John seemed to imply that both the software (RainStor) and the hardware it runs on (e.g. EMC or Teradata etc) need to be WORM compliant. One of the audience members asked John about BCBS
239, to which John said that he didn't know that particular regulation (fair enough that John didn't know in my opinion, RainStor's tech is general about "data" and is applicable across many industries, whereas BCBS 239 is obviously about banks specifically
and is more about data aggregation and reporting than data retention/archiving to my understanding, and this seems to be confirmed with a quick doc scan for "archive" or "retention".)
To finish off the main part of the event (before the drinks and food began) there was a panel discussion. Luigi said that it was best to "prepare for all time, not just specifics" with respect to data retention and that there were dangers in rolling up data
(effectively aggregating and loosing granularity to reduce storage needs). John added that his definition of "Big Data" was "All information, for ever". Luigi added that implementing RainStor had allowed CS to spend more time on interesting questions rather
than on database restoration. John proposed that version 1 of Big Data involved the retention of web data, and as such loosing a data point here and their didn't matter. Version 2 of Big Data is concerned more with enterprise data where all data has value
and needs to be retained i.e. lots of high value data. He added that this was an opportunity for risk and compliance to become an asset.
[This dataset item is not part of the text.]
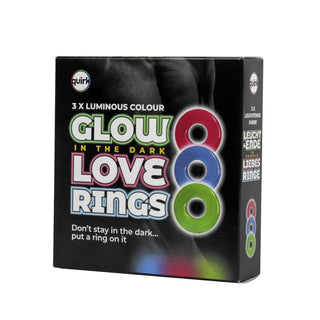 Anelli Fallici Glow In The Dark Love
Overall it was a good event which I found very interesting (but I have to admit to a certain geeky interest in this kind of tech). The event would have benefitted from say another competitive or complementary technology vendor involved maybe, plus maybe
an academic to give a different slant on data retention and on what the regulators hope to gain from this kind of mandated data retention. Not that the regulators have been that good at managing data themselves recently.